(Collected data entries)
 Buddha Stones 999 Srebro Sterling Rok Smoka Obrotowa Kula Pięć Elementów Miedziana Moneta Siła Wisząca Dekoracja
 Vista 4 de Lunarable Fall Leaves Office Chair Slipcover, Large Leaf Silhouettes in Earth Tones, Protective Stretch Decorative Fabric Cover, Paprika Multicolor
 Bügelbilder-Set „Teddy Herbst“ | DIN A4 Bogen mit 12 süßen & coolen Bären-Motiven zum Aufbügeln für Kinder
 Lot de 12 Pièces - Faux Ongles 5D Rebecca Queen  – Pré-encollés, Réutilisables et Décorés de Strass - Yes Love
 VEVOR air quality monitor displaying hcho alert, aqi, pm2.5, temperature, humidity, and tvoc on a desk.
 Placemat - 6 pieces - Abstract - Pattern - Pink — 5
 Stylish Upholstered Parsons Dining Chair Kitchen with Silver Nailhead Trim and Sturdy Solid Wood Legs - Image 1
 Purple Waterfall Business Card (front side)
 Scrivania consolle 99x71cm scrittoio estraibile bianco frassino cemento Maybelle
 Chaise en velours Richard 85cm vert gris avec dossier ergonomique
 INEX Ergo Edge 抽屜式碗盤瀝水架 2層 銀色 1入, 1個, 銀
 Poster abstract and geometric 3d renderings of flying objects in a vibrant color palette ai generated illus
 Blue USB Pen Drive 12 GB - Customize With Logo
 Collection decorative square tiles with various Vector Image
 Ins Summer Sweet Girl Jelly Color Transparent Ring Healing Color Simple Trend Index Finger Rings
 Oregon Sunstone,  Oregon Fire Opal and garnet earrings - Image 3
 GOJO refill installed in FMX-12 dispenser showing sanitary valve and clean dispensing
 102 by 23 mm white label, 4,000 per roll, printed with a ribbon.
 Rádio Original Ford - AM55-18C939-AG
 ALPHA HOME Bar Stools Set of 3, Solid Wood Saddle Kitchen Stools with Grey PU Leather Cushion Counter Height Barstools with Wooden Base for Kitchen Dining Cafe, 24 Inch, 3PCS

▶ [Action item]: Above this instruction are the records; retype exactly the lines from the one containing "Scrivania consolle 99x71cm" up to and including the one containing "Poster abstract and".

▶ [Response to this task]:
 Scrivania consolle 99x71cm scrittoio estraibile bianco frassino cemento Maybelle
 Chaise en velours Richard 85cm vert gris avec dossier ergonomique
 INEX Ergo Edge 抽屜式碗盤瀝水架 2層 銀色 1入, 1個, 銀
 Poster abstract and geometric 3d renderings of flying objects in a vibrant color palette ai generated illus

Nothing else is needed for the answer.